Não nos é absolutamente surpreendente o avanço dessas bandeiras da segregação. Lembramos com Laurent[2] que Lacan estragou a festa ao final dos anos 1970, ao assinalar que diante dos hedonismos que se anunciavam de maneira otimista com o avanço dos mercados comuns, e o fim do patriarcado estaríamos diante de uma sociedade de irmãos e uma nova religião do corpo. Laurent recupera a citação de Lacan presente no seminário 19:
“Quando voltamos à raiz do corpo, se revalorizarmos a palavra irmão, (…), saibam que o que vem aumentando, o que ainda não viu suas últimas consequências e que, por sua vez, se enraíza no corpo, na fraternidade do corpo, é o racismo.”[3]
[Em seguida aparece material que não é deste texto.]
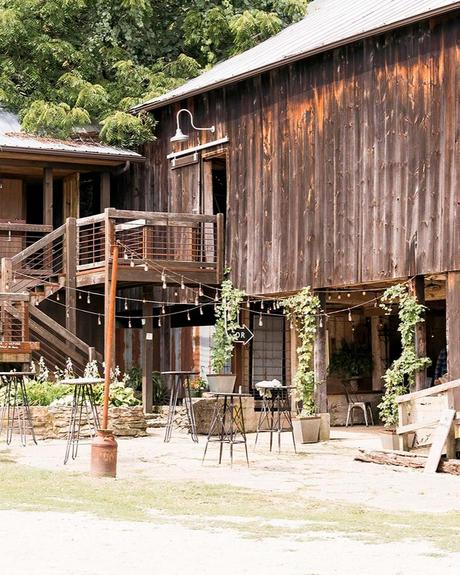 best wedding venues in ohia aisle barn outdoor view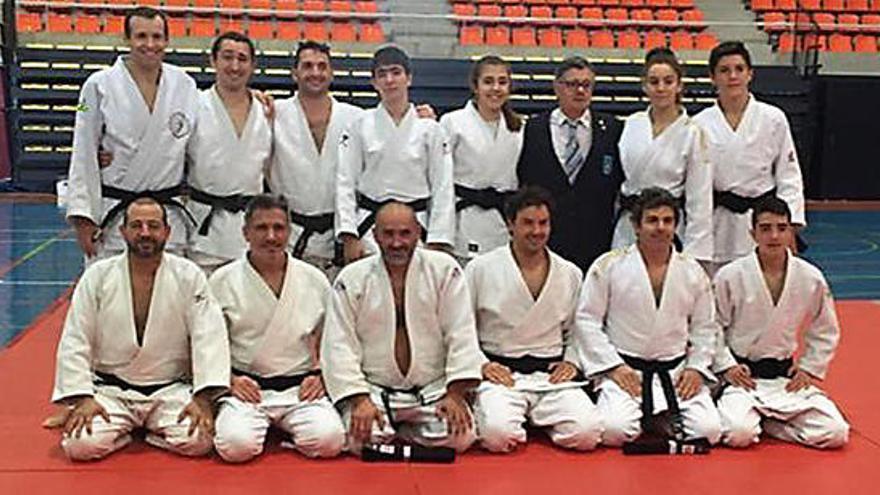 Los judokas participantes en el pase de cintos negros.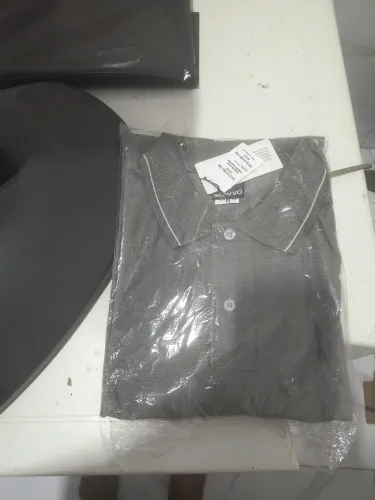 Vendo roupas masculinas de grife 8 mil reais, todo estoque no valor de 37mil reais.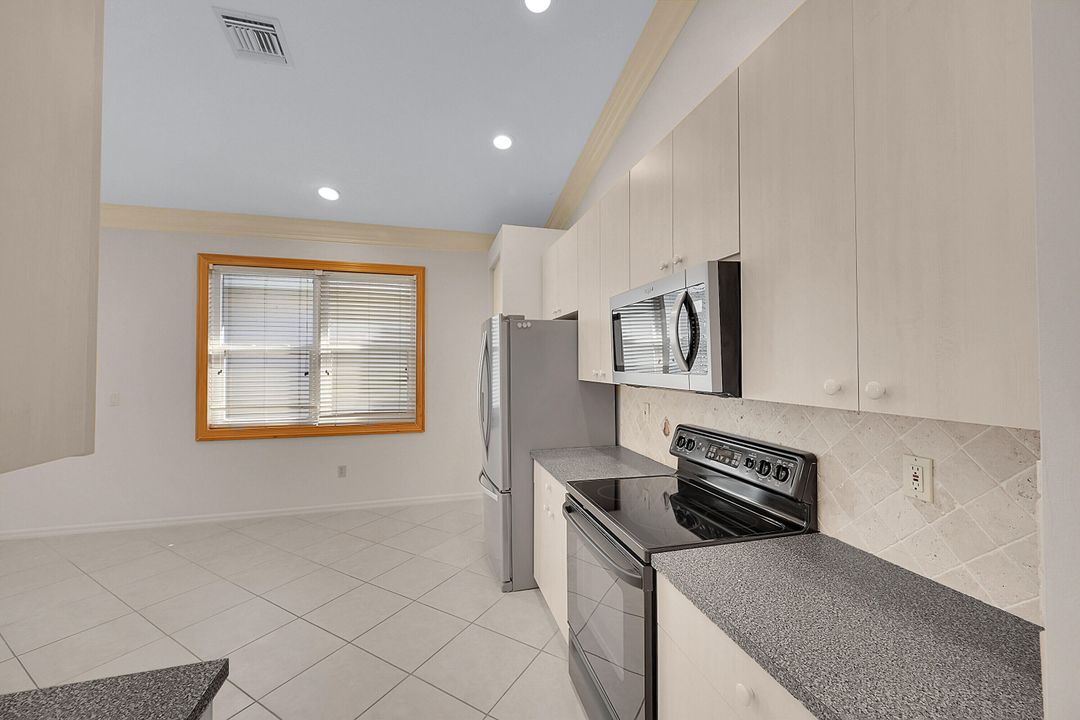 For Sale: $449,000 (3 beds, 2 baths, 1904 Square Feet)
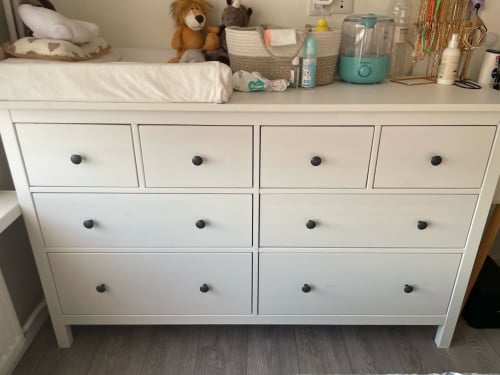 Te koop: Grote witte commode/kast – €150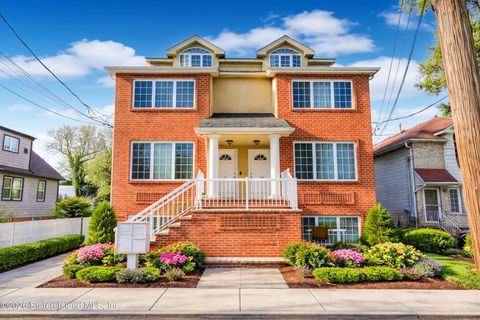 Photo of 35 Clifton Avenue, Staten Island, NY 10305 (MLS # 2600675)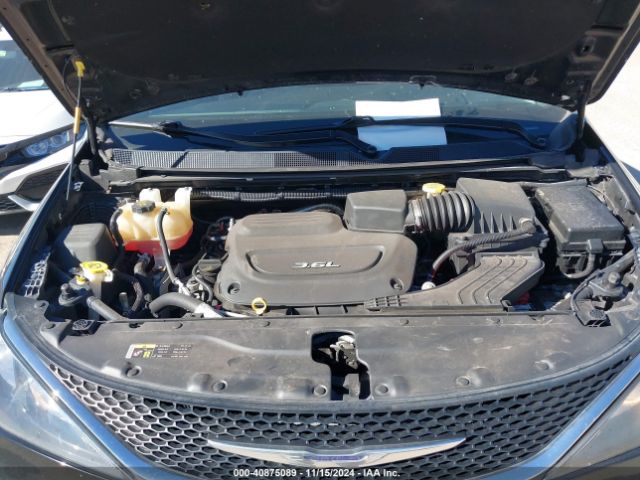 2C4RC1DGXHR565336 Chrysler Pacifica Touring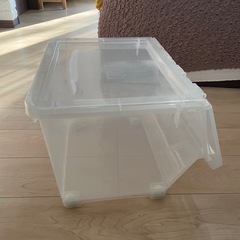 前面が開くフタ付きの収納ボックス・ケースの画像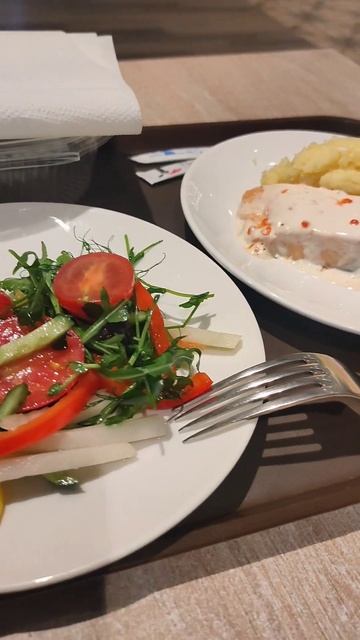 Стрит фуд / Кафе фуд смотреть онлайн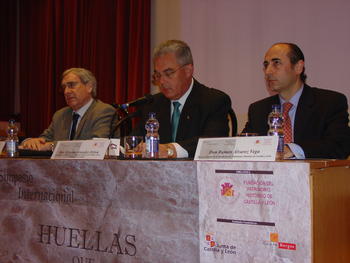 De izq. a dcha: Matías Pedruelo, Vitorino González y Ramón Álvarez, durante la inauguración del congreso
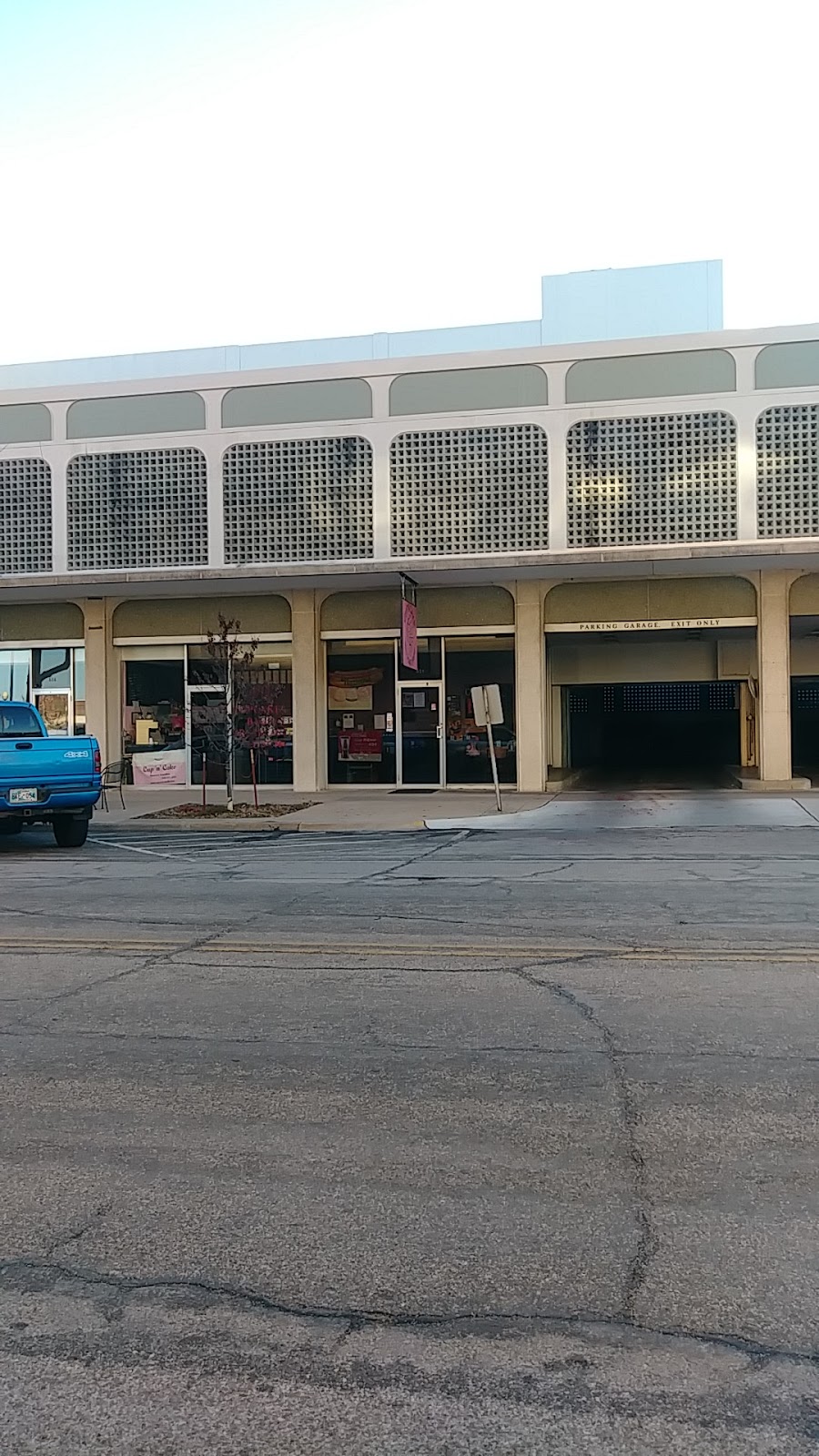 CupnCake Cupcakery | bakery | 518 S Keeler Ave, Bartlesville, OK 74003, USA | 9188152917 OR +1 918-815-2917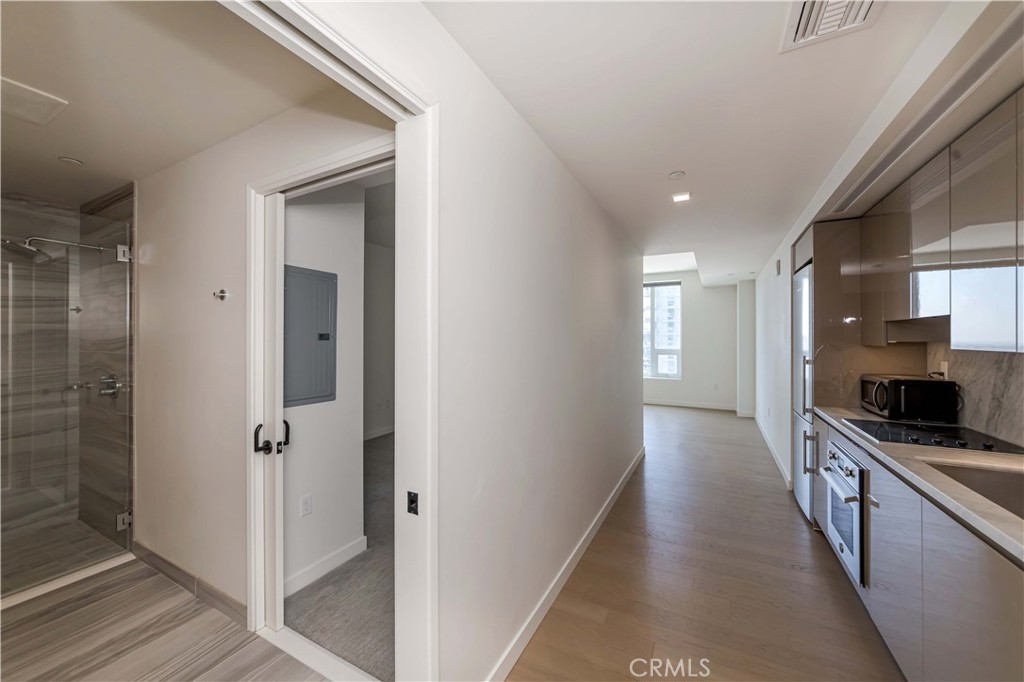 1050 S Grand Avenue 1505, Los Angeles CA, 9001563657746050689122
Temos cada vez mais constatado essas consequências anunciadas por Lacan. Não é também difícil reconhecer como o nazismo tem no racismo um de seus pilares. Contudo, embora nunca tenha de fato deixado de existir, como entender esse seu recente e exponencial aumento?
Lacan faz uma breve referência ao Mein Kampf no seminário 2[4]. Afirma que pela qualidade da escrita, ele deve ter tido outra autoria que não a de Hitler, e destaca como que naquele momento o livro andava meio desatualizado. Embora o bigodinho de Hitler continue uma sombra a nos visitar, tentaremos pensar o avanço do nazismo a partir do que Lacan aponta no prosseguimento de suas ideias no referido seminário.
Chama atenção a escolha que ele faz do Mein Kampf para inaugurar esse momento em que fala da relação entre os homens, como se fosse uma relação entre as luas. Logo em seguida, ele denuncia a tendencia às vezes presente de fazermos uma psicanálise das luas, apontando que as coisas são bem diferentes disso, diferença que por sinal desenvolve ao longo desse seminário. A pergunta que o orienta nesse momento é: Por que os planetas não falam? Se os planetas não falam, uma psicanálise das luas acaba por desconsiderar o valor da fala.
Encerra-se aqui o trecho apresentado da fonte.